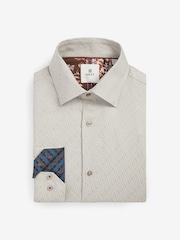 Neutral Brown Geometric Slim Fit Trimmed Shirt - Image 1 of 3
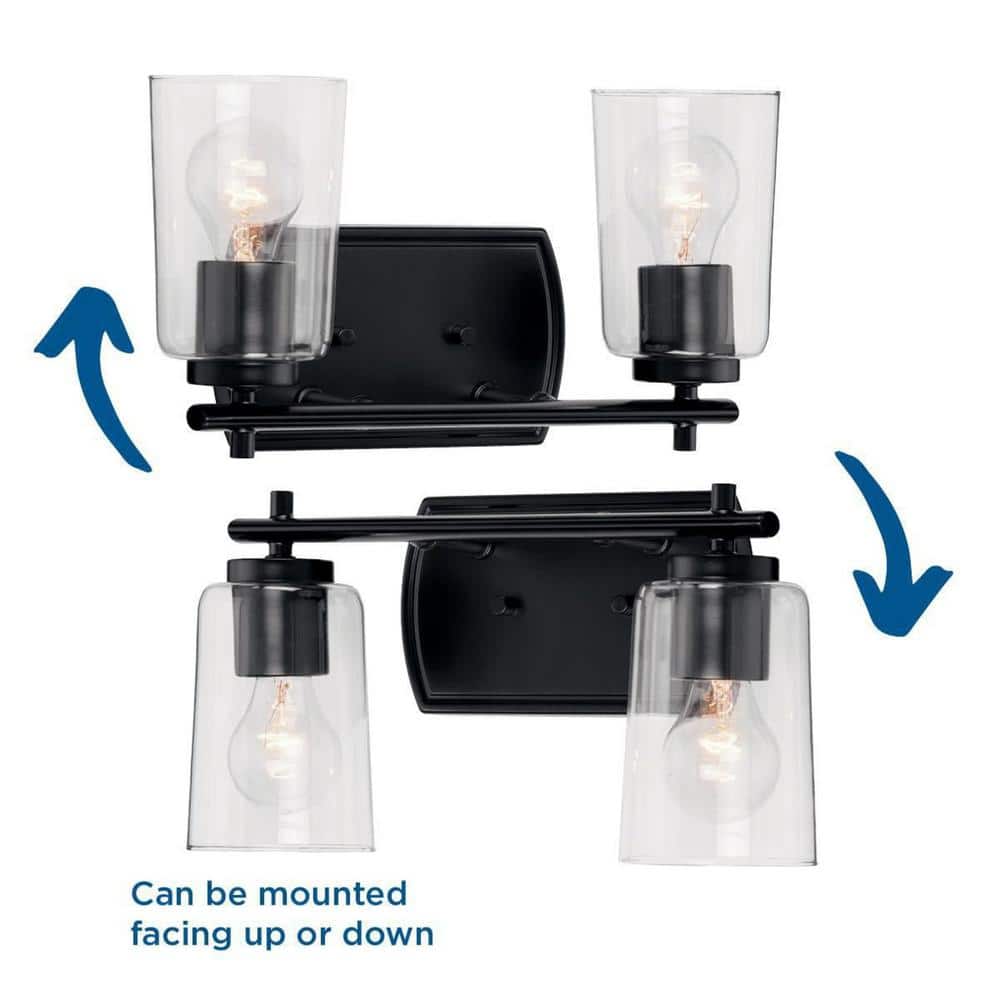 Adley Black 2-Light Bath Wall Fixture with Clear Glass Shades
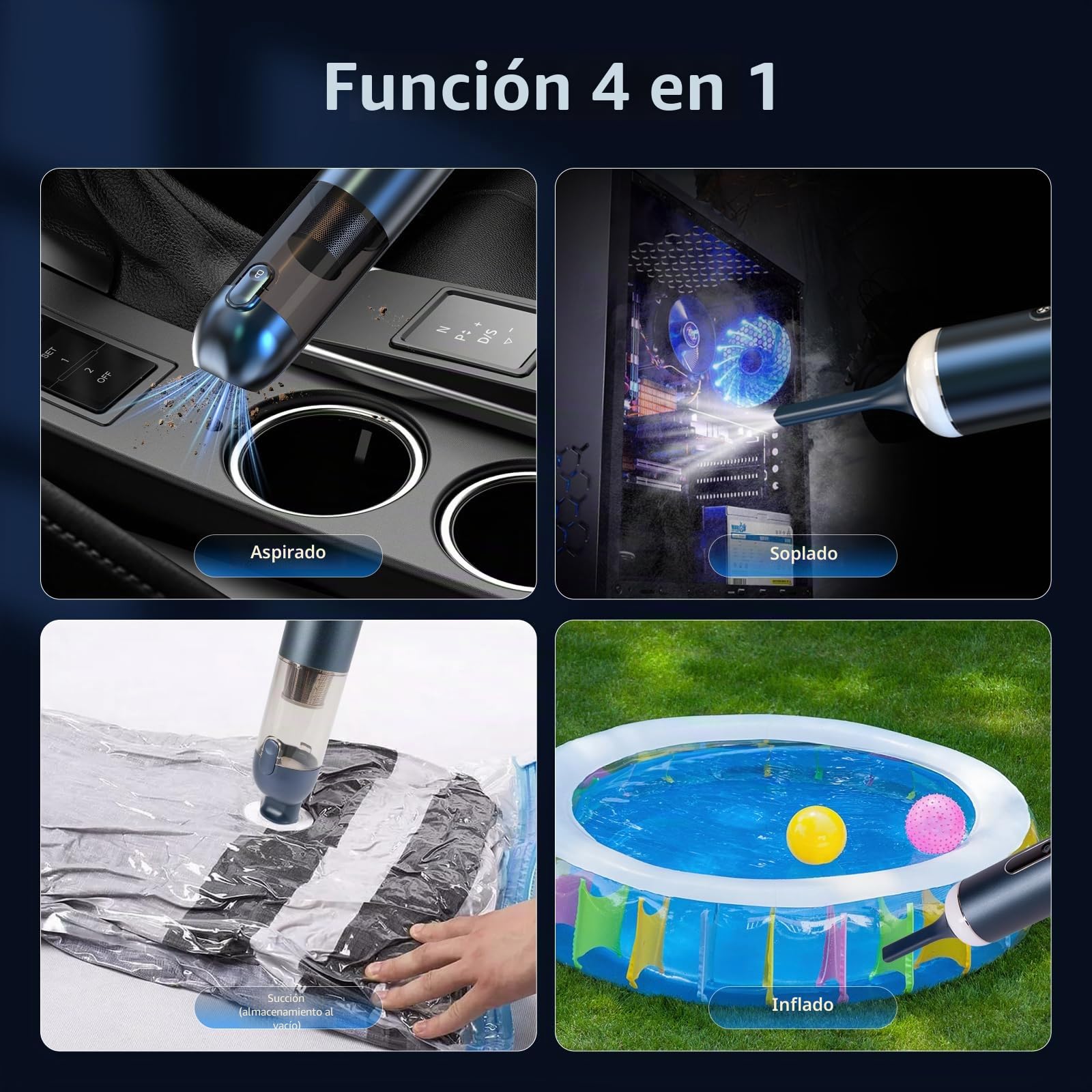 Aspiradora de mano, mini aspiradora para coche, 18000 pa, con fuerte fuerza de succión de 3 marchas, potente aspiradora para coche, aspiradora fuerte con lavable, filtro Hepa para coche, casa y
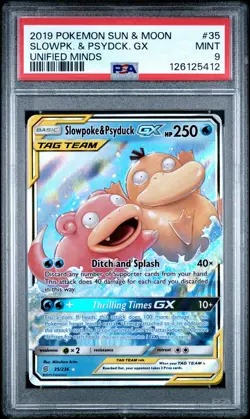 2019 POKEMON SUN & MOON UNIFIED MINDS #35 SLOWPOKE & PSYDUCK GX PSA 9 - Image 1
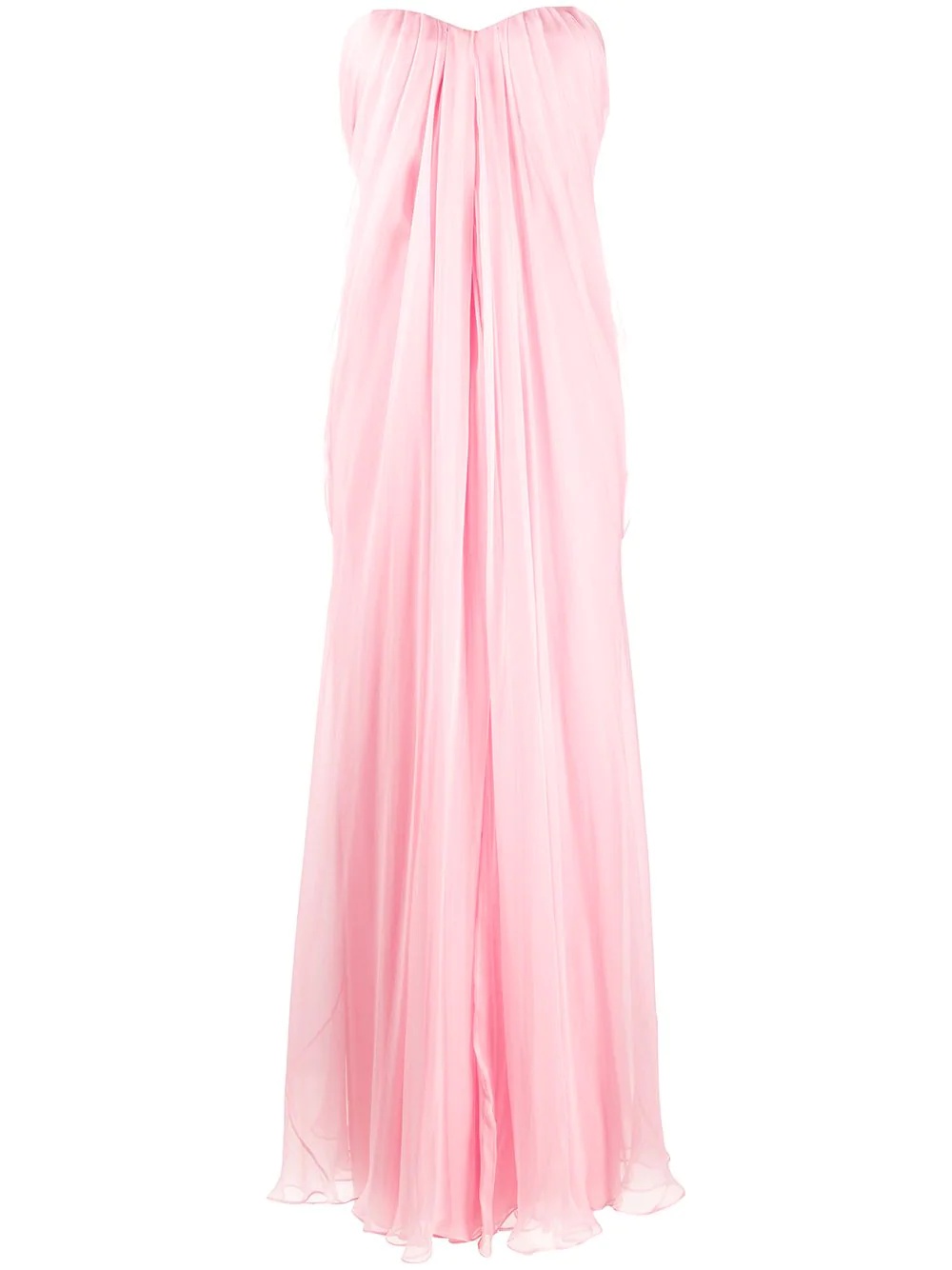 pleated strapless dress - 1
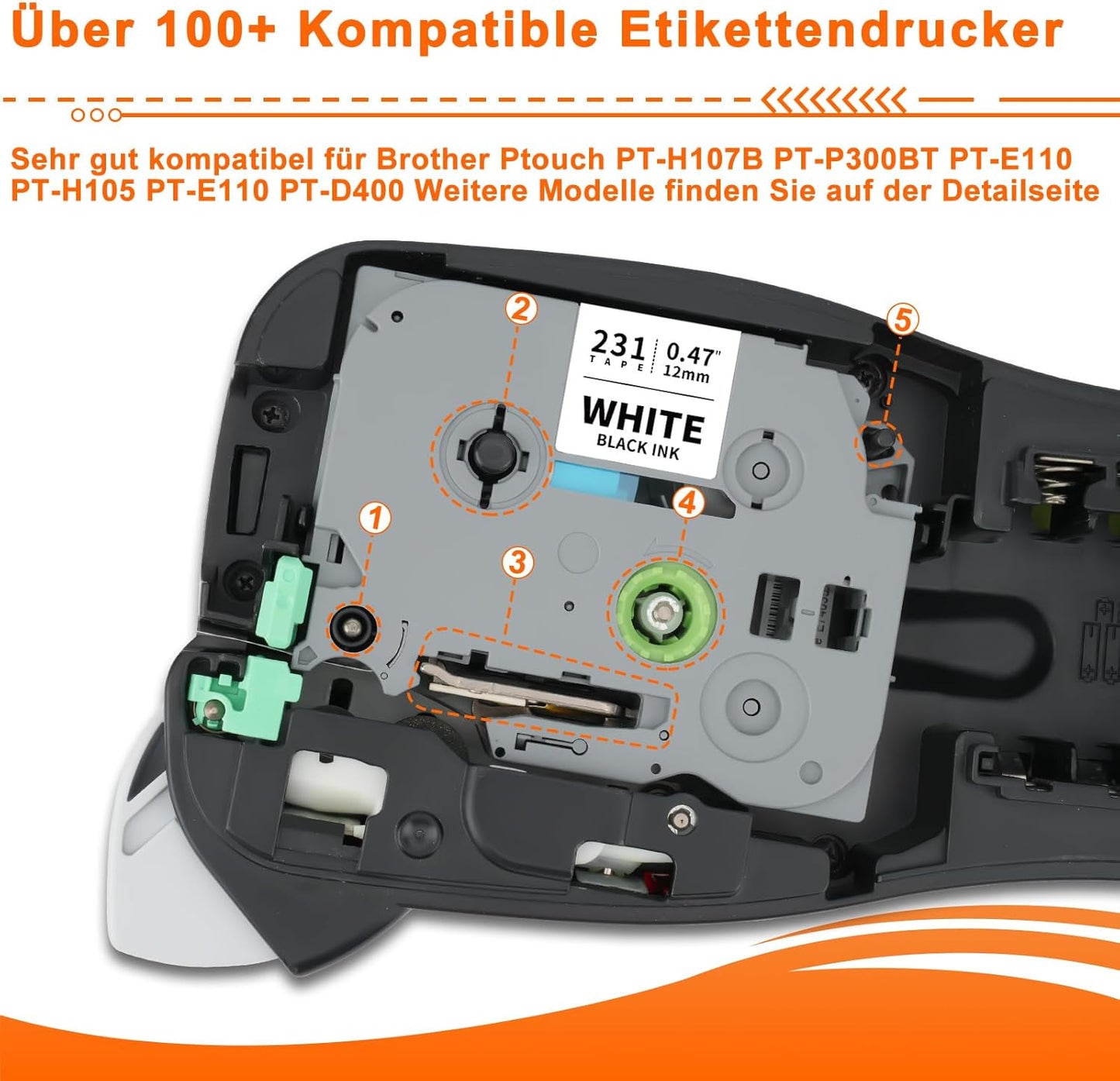 10x Schriftbandkassetten für Brother TZe-231, 10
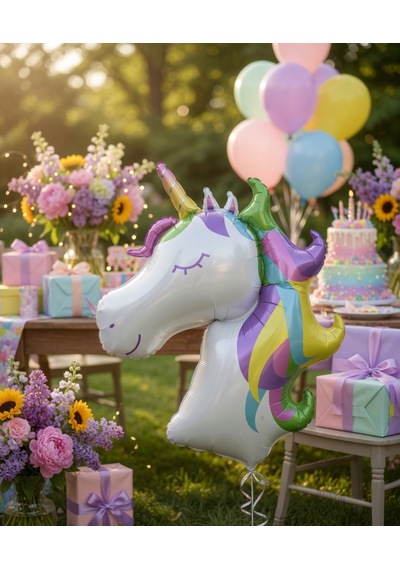 Unicorn Boynuzlu At Folyo Balon 100x73 Cm Doğum Günü Parti Dekorasyonu Çok Renkli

● ● ● ●

- _WORK TASK_
The lines from the beginning of the listing above through the line holding "Aspiradora de mano, mini" are to be duplicated exactly, and the pictures omitted.

- _ANSWER FOR THIS EXERCISE_
 Neutral Brown Geometric Slim Fit Trimmed Shirt - Image 1 of 3
 Adley Black 2-Light Bath Wall Fixture with Clear Glass Shades
 Aspiradora de mano, mini aspiradora para coche, 18000 pa, con fuerte fuerza de succión de 3 marchas, potente aspiradora para coche, aspiradora fuerte con lavable, filtro Hepa para coche, casa y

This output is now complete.